この度,カナダでユニコーンが発見されたというお話の顛末がエキサイトニュースのコラムに掲載されていました。

【関連情報】
“伝説の生き物”ユニコーン発見騒動のてん末、公開された動画の真相は?(コラム総合 - エキサイトニュース)

カナダのトロント在住ピーター・ヒッキージョーンズという人物が,ドンヴァレーという渓谷でユニコーンを撮影したので分析してほしいとトロント州立オンタリオ科学センターに依頼をしたそうで,その映像が下のもの(YouTubeで公開中)。
まずは,ご覧あれ。

【Rumoured Unicorn Sighting Reported In Don Valley】


記事によれば,「さすがに“伝説の生き物”だけあって、『フェイク』の声が多く挙がった」とありますが,皆さんどう思われました。

そう,これはまさしく「フェイク」です。

映像をご覧いただいた方はお分かりだと思いますが,たてがみが揺れている以外にユニコーンが動いている様子はなく,角をくっつけた白い馬の模型が引っ張られているのが容易にわかる映像です。
走っていりゃあ,足は動くし体が上下するのは簡単にわかりますからね,伝説の生き物でなくとも「フェイク」だと見破るのは容易です。

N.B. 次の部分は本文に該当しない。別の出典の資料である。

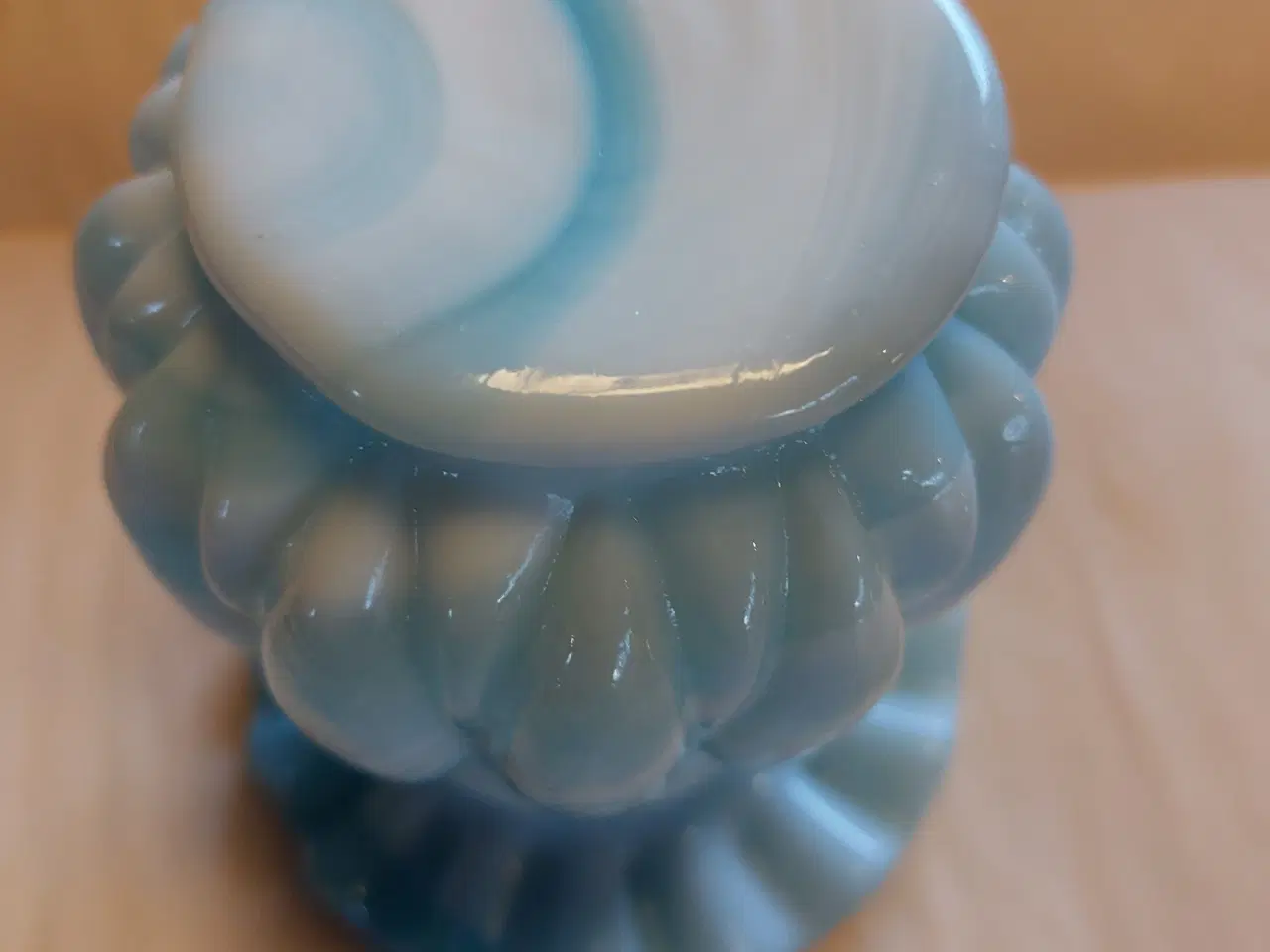 Billede 2 - FLOT MARMORERET VASE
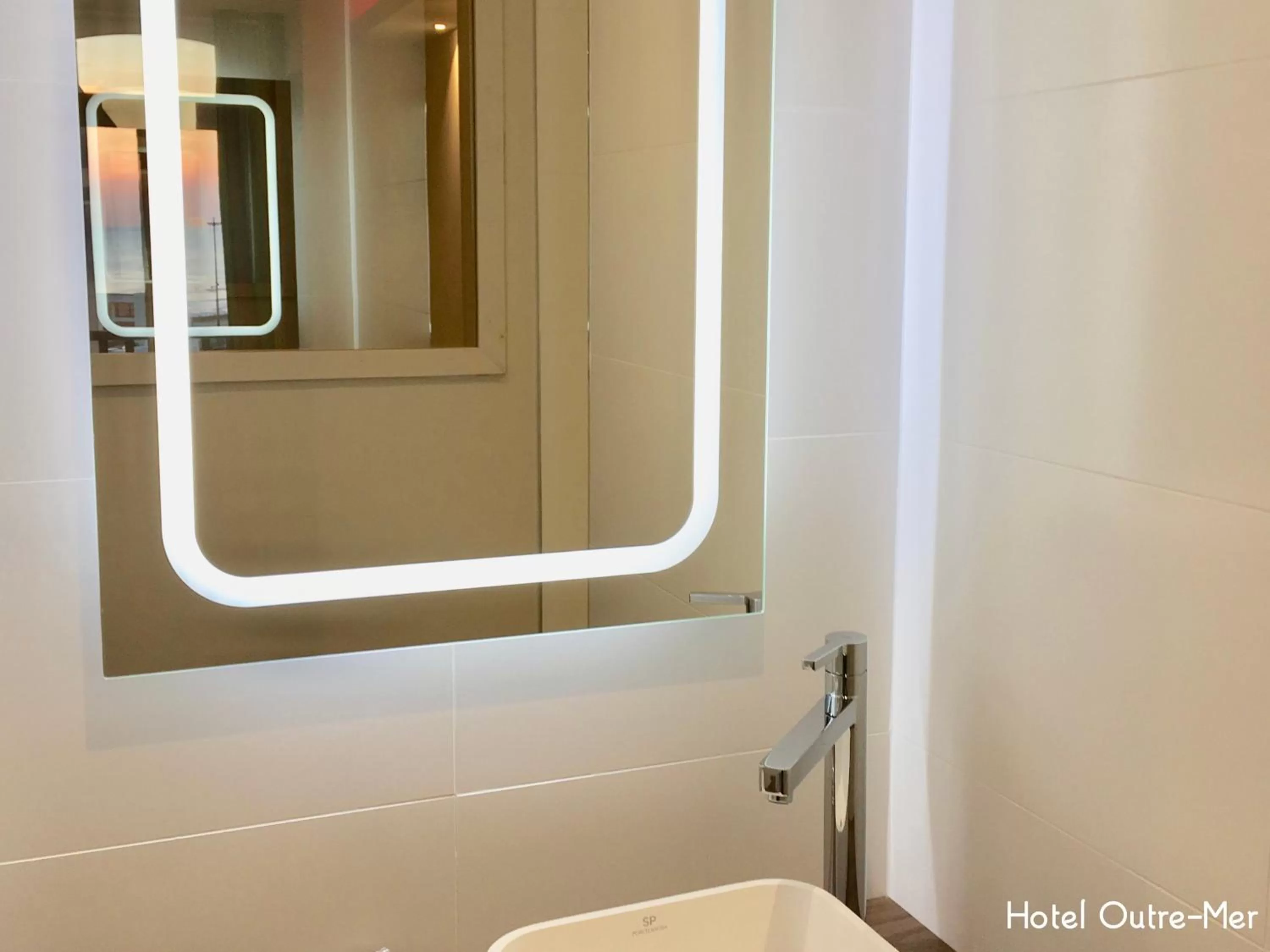 Shower in Hôtel Outre-Mer - Villa Le Couchant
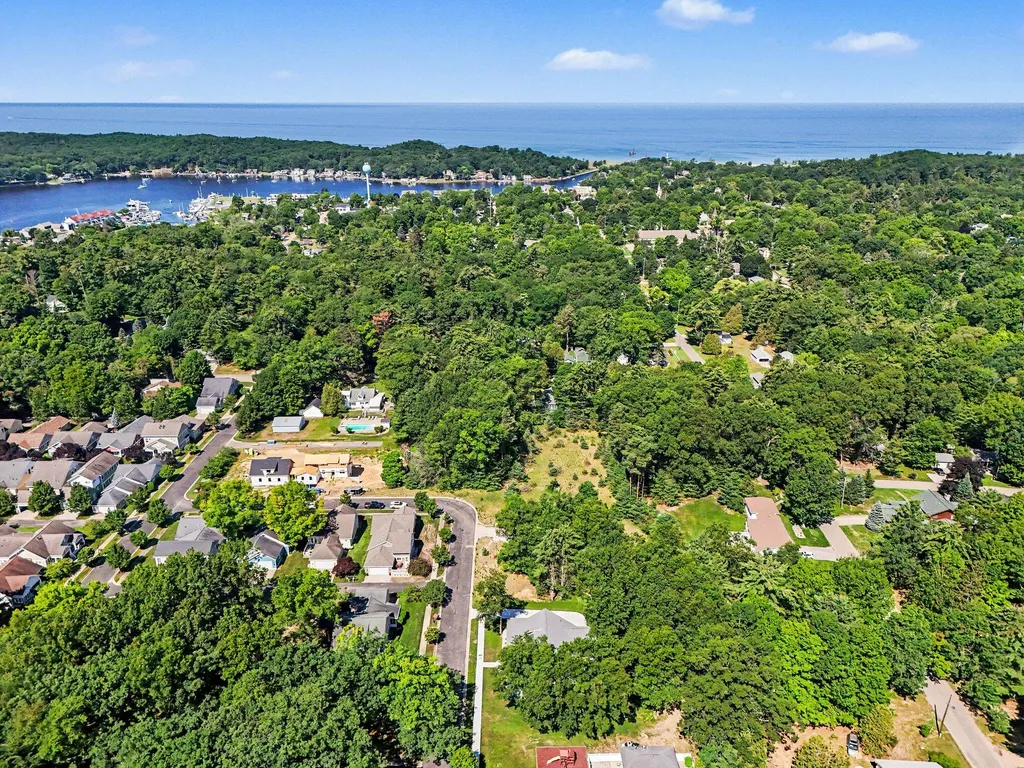 20 Kenneth Street Pentwater Village MI 49449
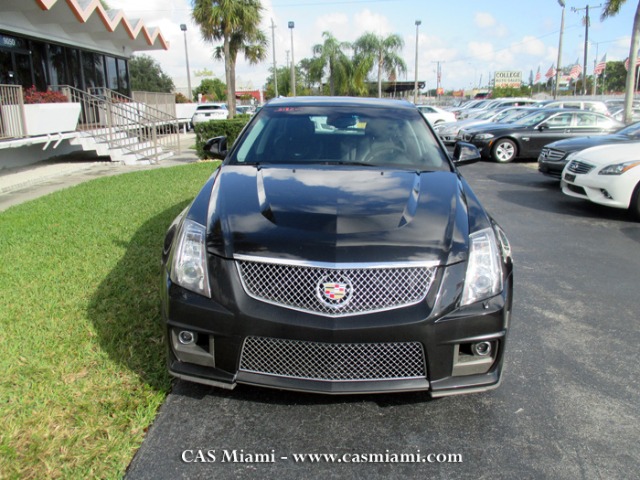 2013 Cadillac CTS-V CE Van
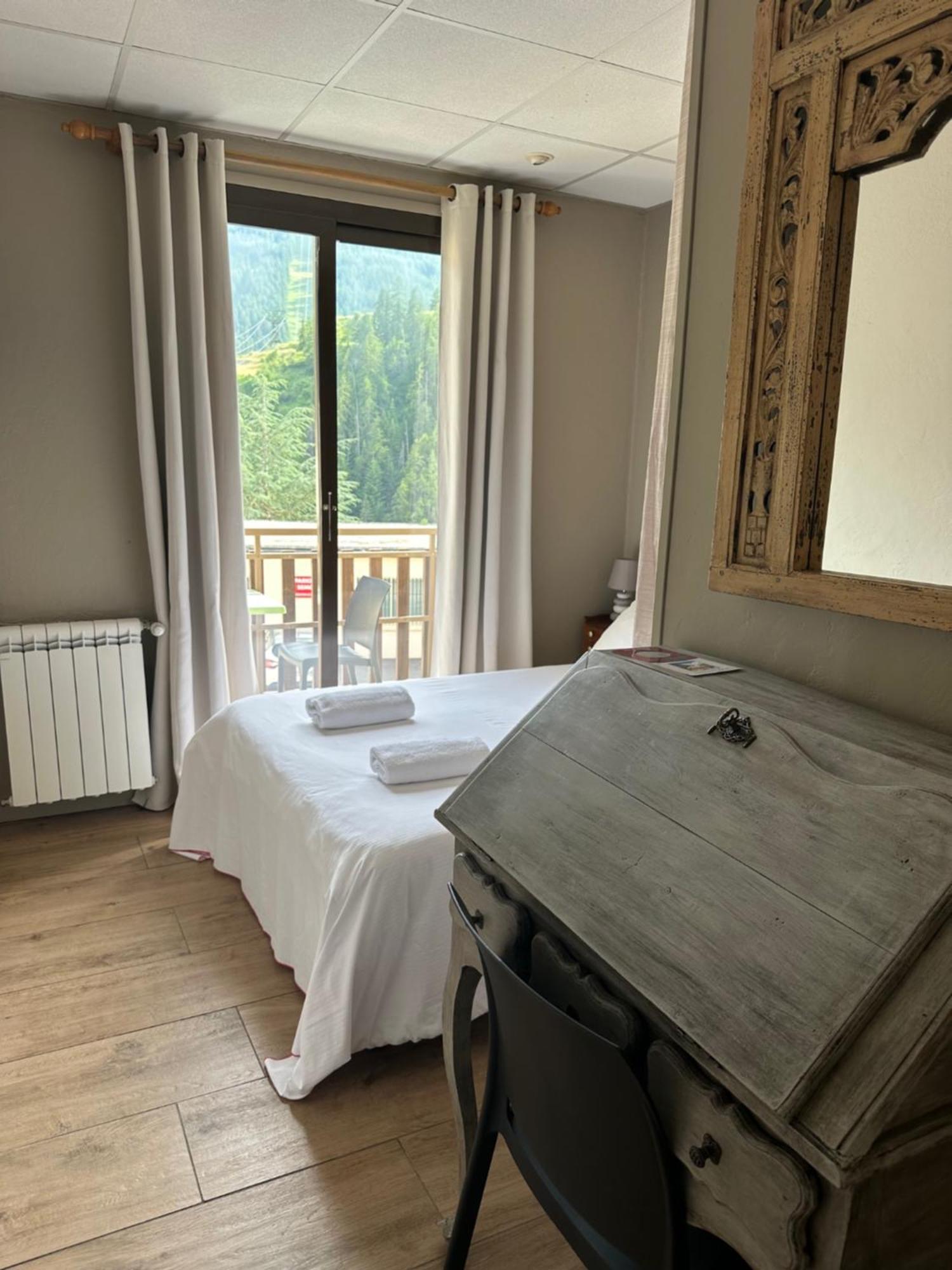 Hotel Edelweiss Auron Bagian luar foto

ところが,トロント州立オンタリオ科学センターは「本物のユニコーンが目撃されたのか、立証したい」と大真面目だったとか。
イギリスの大衆紙サンに「仮にこの動物を目撃しても「突然動いたり、フラッシュ撮影を行ったりなどしないように」という談話を掲載したり,ユニコーン目撃情報収集のための「緊急ホットライン」まで開設しようとしていたそうです。

なぜ,見るからにウソくさい映像にここまで入れ込んでいるのかというと,この騒動自体オンタリオ科学センターが仕組んだものだったからというのがオチ。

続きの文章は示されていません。